I collected main news from Wikipedia (link:https://ja.wikipedia.org/wiki/韓国における2019年コロナウイルス感染症の流行状況#cite_note-191 (Japanese)), but I thought it seems to have pretty reliable data cooperating Google.

Korean Government says that one woman "Super spreader" seemed to spread Corona Virus on 18th February, and we can see rapid increase of daily confirmed people from then. 

On 20th February, mass infection occurred in a church.

On 19th March, the government started to restrict foreigners' entry.

We can see the confirmed people decreased and recovered people increased after that days.

Actually, the article says the restriction was not the best because Korea made entrants from Europe wait in hospitals, but there were over 1000 people coming and the beds were not enough, the government gave up and made them wait just at their home.

Nevertheless, it seemed to be effective to control infections according to this graph.

## Making informative table
Color the entries as "jet" showing large values as bright color, low values as dark color.

In [None]:
df1 = df#[['daily_confirmed']]
df1 = df1.fillna(0.)   #fill na with 0
styled_object = df1.style.background_gradient(cmap='jet').highlight_max('daily_confirmed').set_caption('Daily Summaries')
display(styled_object)
f = open('table_20M51702.html','w')  #Save as html
f.write(styled_object.render())

### Discussion 2
Looking at this chart and the graph, we can see the largest daily cases were 851 people on March 3rd, 2020.


The cases were decreasing until April, however, we can also see it is gradually increasing again from May.
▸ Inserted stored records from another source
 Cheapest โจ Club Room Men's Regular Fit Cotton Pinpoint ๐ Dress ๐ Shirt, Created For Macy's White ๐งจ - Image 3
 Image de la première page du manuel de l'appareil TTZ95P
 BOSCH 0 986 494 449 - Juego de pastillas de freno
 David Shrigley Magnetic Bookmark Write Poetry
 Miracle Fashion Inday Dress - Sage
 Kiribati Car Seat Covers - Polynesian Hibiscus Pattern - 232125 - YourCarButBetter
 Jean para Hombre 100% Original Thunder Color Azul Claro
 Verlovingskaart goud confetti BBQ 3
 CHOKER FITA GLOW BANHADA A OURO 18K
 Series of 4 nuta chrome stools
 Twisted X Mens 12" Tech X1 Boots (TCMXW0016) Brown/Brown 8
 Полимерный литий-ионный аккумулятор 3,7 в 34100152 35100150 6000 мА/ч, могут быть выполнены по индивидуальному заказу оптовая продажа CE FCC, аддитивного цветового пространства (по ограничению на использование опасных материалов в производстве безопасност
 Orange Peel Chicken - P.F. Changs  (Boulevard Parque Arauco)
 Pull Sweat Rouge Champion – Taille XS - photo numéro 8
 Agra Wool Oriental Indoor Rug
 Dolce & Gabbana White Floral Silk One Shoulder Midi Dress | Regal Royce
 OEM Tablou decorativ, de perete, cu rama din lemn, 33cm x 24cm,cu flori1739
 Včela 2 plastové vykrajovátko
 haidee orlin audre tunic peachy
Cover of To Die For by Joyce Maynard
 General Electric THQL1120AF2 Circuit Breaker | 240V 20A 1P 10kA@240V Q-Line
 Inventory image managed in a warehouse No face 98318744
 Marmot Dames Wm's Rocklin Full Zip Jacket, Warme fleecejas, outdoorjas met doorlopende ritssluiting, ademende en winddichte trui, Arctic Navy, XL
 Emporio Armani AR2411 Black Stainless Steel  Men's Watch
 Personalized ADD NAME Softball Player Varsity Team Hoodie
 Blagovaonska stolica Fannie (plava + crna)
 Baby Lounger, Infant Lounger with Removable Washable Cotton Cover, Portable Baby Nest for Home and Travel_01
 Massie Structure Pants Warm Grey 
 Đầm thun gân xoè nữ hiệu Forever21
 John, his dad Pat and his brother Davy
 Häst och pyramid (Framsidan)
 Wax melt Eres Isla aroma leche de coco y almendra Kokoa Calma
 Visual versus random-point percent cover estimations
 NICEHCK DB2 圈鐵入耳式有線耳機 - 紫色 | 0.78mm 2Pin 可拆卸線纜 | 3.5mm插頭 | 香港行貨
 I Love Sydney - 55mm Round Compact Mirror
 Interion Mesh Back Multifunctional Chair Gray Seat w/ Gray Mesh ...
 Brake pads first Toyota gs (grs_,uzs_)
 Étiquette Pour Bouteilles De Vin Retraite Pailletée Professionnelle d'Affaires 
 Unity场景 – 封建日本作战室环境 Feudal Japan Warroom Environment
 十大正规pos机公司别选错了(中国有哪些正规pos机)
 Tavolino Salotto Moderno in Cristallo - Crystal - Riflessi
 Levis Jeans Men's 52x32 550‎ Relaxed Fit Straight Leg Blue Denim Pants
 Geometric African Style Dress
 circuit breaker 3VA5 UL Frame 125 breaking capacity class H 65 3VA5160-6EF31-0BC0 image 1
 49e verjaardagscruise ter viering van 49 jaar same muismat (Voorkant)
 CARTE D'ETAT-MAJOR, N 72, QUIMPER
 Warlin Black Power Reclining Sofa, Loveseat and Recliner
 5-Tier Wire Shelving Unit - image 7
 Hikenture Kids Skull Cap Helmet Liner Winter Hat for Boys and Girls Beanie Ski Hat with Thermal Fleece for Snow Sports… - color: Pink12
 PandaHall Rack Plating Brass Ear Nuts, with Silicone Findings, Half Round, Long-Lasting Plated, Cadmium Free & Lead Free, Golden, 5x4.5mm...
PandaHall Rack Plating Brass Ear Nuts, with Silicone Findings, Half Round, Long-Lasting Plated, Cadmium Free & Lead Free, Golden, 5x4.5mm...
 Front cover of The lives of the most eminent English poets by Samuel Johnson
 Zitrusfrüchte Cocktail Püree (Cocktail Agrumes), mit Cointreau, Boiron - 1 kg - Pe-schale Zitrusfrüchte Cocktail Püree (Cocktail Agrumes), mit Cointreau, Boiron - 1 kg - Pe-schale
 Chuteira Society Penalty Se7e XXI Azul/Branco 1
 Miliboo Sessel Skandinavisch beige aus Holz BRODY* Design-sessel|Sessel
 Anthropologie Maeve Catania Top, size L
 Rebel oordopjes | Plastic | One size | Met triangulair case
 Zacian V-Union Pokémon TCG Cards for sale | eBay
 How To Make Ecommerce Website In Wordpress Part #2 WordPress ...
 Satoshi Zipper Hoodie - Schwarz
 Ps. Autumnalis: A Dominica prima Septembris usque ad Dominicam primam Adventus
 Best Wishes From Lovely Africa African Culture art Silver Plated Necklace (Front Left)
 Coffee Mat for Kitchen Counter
## Calculating global ranking
selecting only the latest date: 06/12/2020

In [None]:
df = pd.read_csv('../input/novel-corona-virus-2019-dataset/covid_19_data.csv',header=0)
df1 = df[df['ObservationDate']=='06/12/2020']
df1 = df1.groupby('Country/Region').sum()
df2 = df1.sort_values(by='Confirmed',ascending=False).reset_index() 
df2['Rank'] = df2.index.values+1  #'Rank' indicates global ranking
print(df2)
print(df2[df2['Country/Region']=='South Korea'])
print(df2[df2['Country/Region']=='Japan'])

### Discussion 3
Since 'Rank' indicates global ranking, South Corea is the 56th among the world in 06/12/2020.

On 3rd May, the government changed to relax the plan because the confirmed people was decreasing.

In early May, however, there was mass infection in a night clubhouse and there is modest increase of new confirmed people.

So, they fear that another infection wave may come now.

It can be considered that South Korea and Japan are on the same situation now because Japan is also on Rank 48th with modest increases.